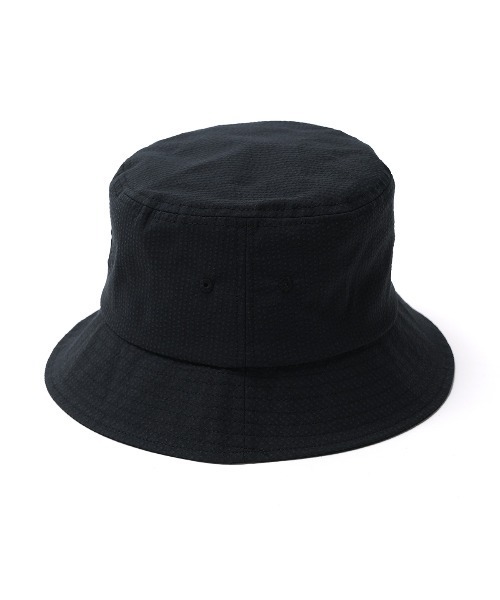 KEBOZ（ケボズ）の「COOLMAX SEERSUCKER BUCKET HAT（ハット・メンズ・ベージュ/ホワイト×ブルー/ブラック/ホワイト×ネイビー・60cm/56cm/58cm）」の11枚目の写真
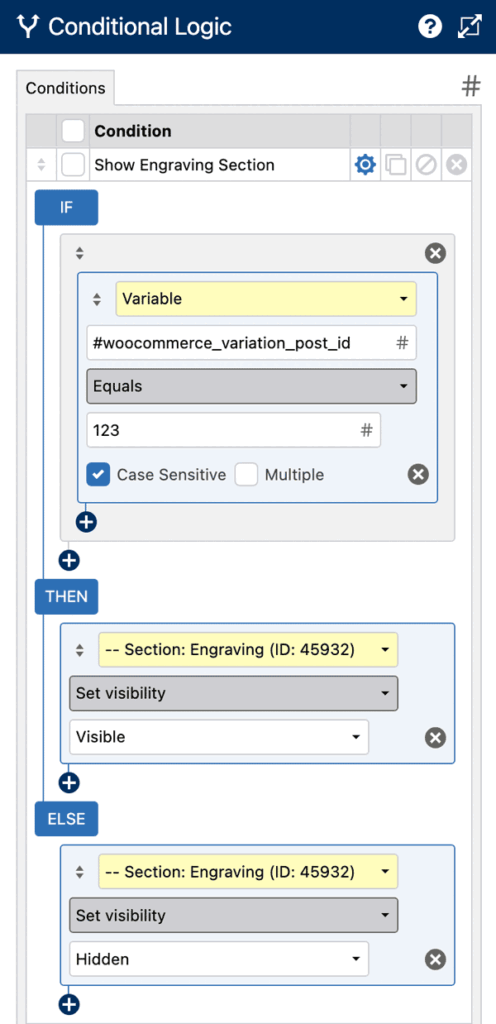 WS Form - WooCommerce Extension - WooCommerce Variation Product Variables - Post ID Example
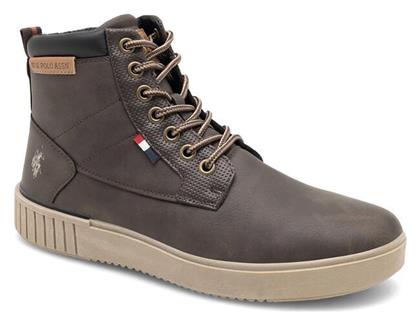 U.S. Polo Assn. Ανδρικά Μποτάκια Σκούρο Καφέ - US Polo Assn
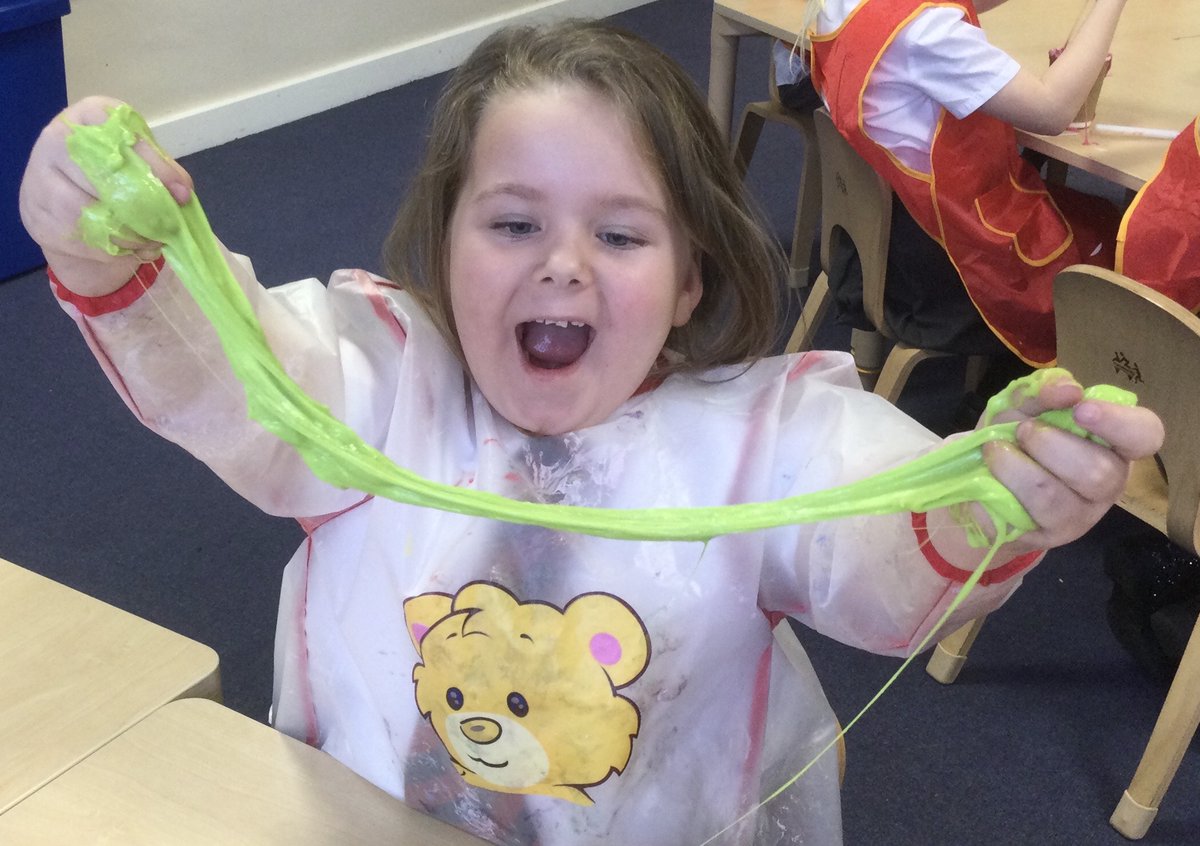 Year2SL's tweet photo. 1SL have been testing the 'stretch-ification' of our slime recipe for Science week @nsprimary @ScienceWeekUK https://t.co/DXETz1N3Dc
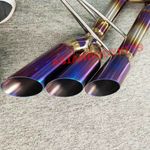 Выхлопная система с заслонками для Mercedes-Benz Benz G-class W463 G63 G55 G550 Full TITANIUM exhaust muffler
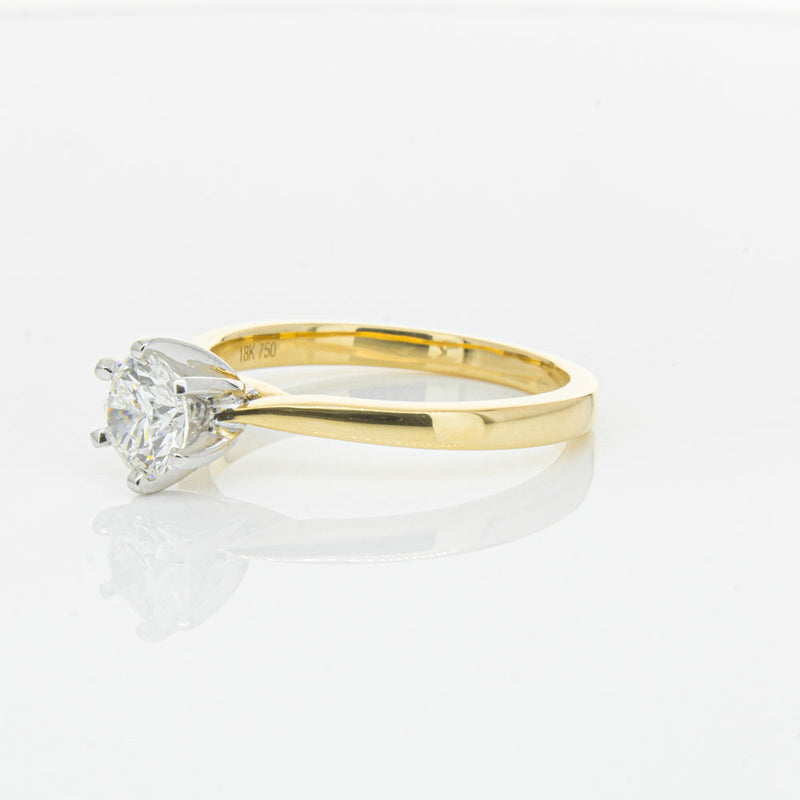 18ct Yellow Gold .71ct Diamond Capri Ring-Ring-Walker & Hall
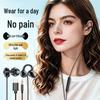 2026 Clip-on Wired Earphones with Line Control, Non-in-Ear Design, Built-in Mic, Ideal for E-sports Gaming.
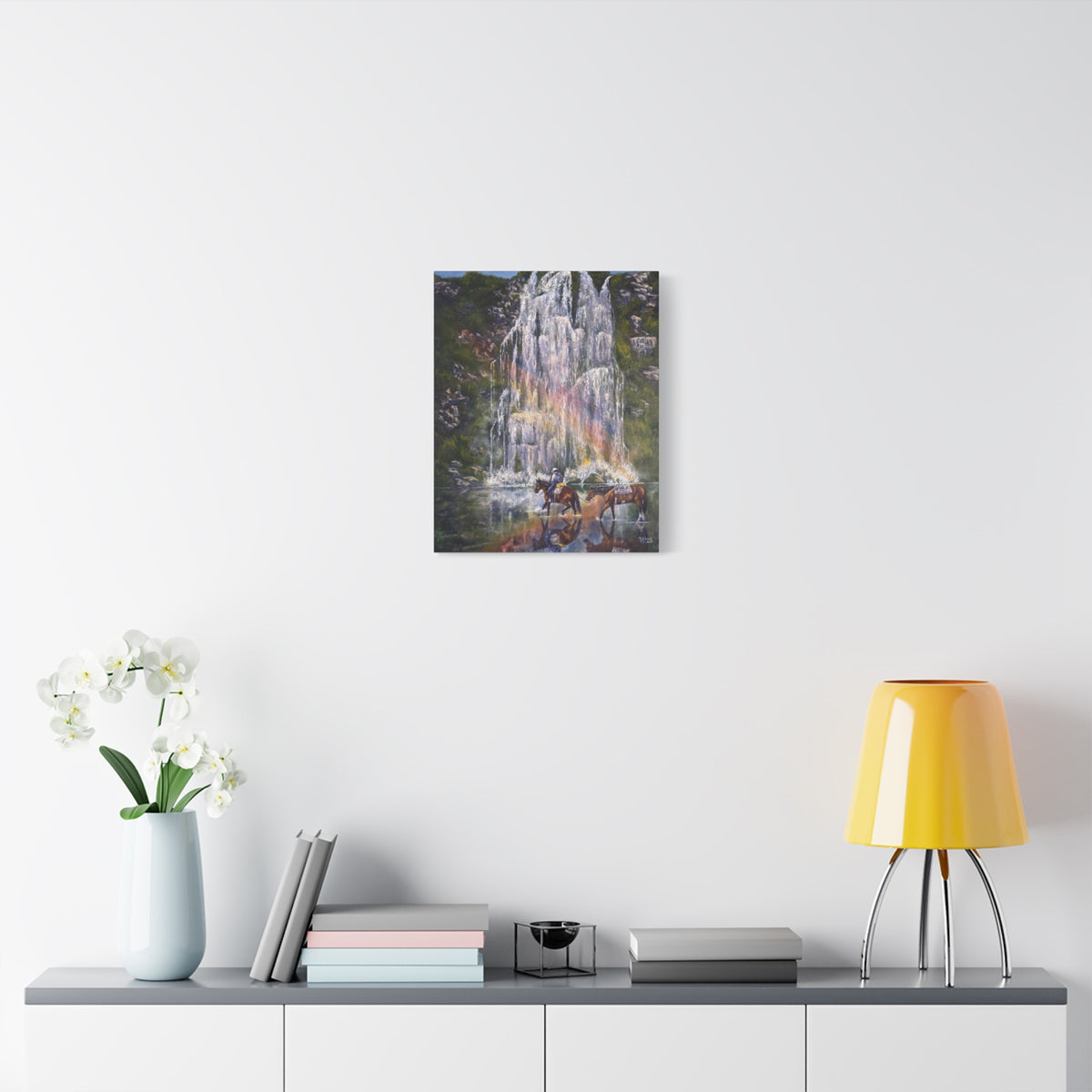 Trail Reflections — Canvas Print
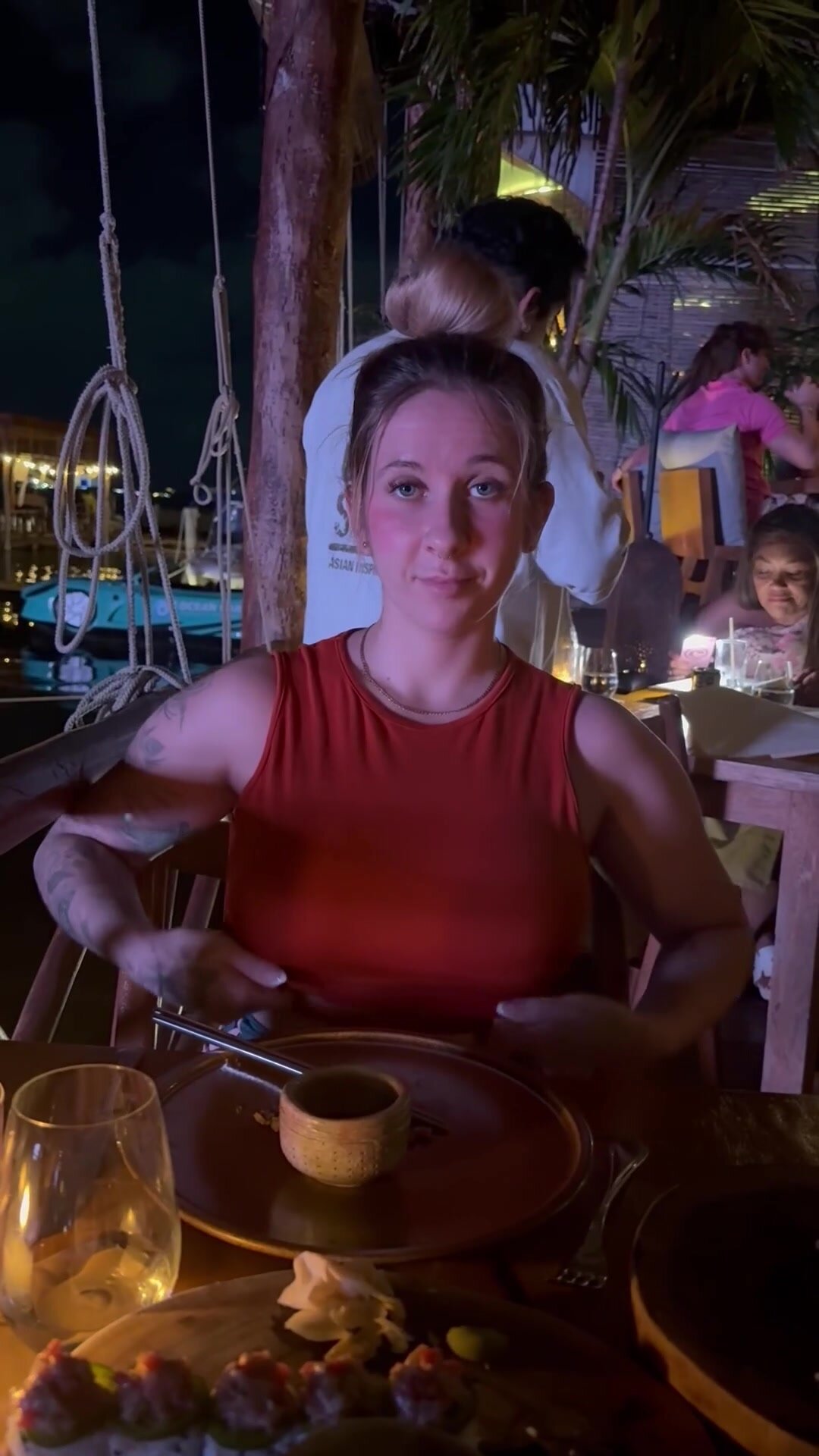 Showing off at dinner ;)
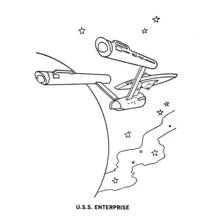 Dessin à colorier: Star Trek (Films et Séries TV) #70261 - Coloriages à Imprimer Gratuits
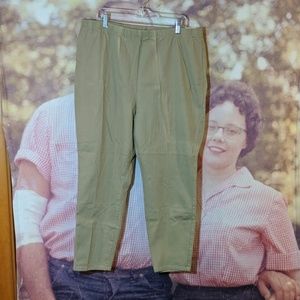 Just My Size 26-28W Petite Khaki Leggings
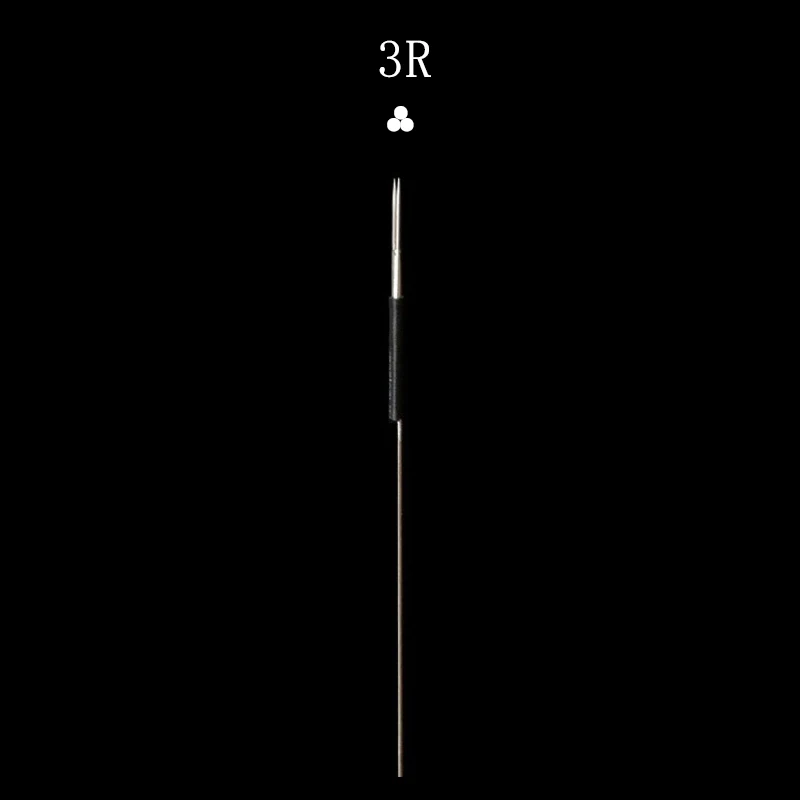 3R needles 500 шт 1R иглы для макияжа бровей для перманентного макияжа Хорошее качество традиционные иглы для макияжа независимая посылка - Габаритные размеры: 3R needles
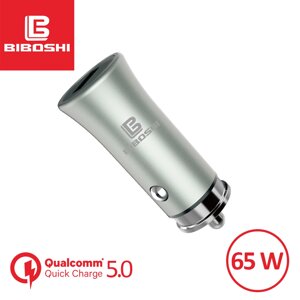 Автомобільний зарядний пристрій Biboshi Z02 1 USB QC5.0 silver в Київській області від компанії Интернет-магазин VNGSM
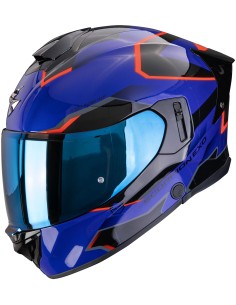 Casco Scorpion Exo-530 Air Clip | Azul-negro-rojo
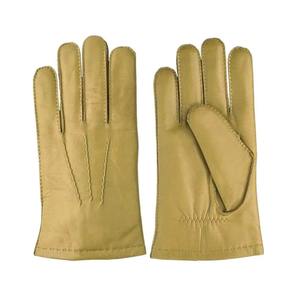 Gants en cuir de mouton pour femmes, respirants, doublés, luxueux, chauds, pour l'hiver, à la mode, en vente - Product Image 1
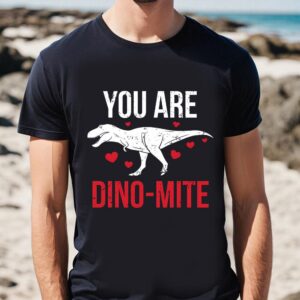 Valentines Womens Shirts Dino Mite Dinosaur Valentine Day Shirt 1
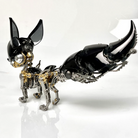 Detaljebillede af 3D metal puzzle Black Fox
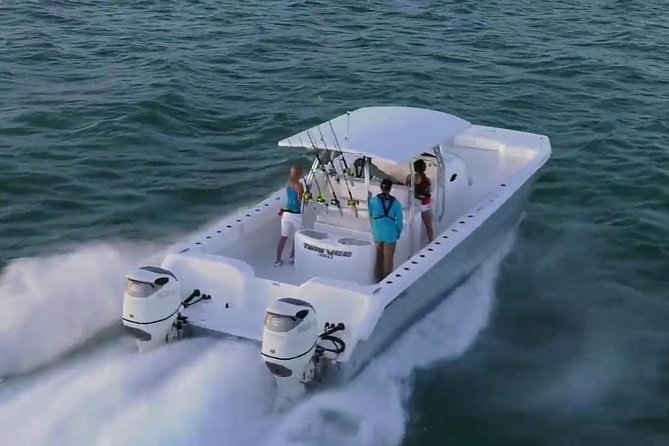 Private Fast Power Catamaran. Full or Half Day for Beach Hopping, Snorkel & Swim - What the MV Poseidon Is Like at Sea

* PROBLEM TO WORK ON
In the entries above, find the line containing "Выхлопная система с". Transcribe it and every later line to the end, exactly, and leave out the pictures.

* FINISHED TASK
 Выхлопная система с заслонками для Mercedes-Benz Benz G-class W463 G63 G55 G550 Full TITANIUM exhaust muffler
 18ct Yellow Gold .71ct Diamond Capri Ring-Ring-Walker & Hall
 2026 Clip-on Wired Earphones with Line Control, Non-in-Ear Design, Built-in Mic, Ideal for E-sports Gaming.
 Trail Reflections — Canvas Print
 Showing off at dinner ;)
 Dessin à colorier: Star Trek (Films et Séries TV) #70261 - Coloriages à Imprimer Gratuits
 Just My Size 26-28W Petite Khaki Leggings
 3R needles 500 шт 1R иглы для макияжа бровей для перманентного макияжа Хорошее качество традиционные иглы для макияжа независимая посылка - Габаритные размеры: 3R needles
 Автомобільний зарядний пристрій Biboshi Z02 1 USB QC5.0 silver в Київській області від компанії Интернет-магазин VNGSM
 Casco Scorpion Exo-530 Air Clip | Azul-negro-rojo
 Gants en cuir de mouton pour femmes, respirants, doublés, luxueux, chauds, pour l'hiver, à la mode, en vente - Product Image 1
 Valentines Womens Shirts Dino Mite Dinosaur Valentine Day Shirt 1
 Detaljebillede af 3D metal puzzle Black Fox
 Private Fast Power Catamaran. Full or Half Day for Beach Hopping, Snorkel & Swim - What the MV Poseidon Is Like at Sea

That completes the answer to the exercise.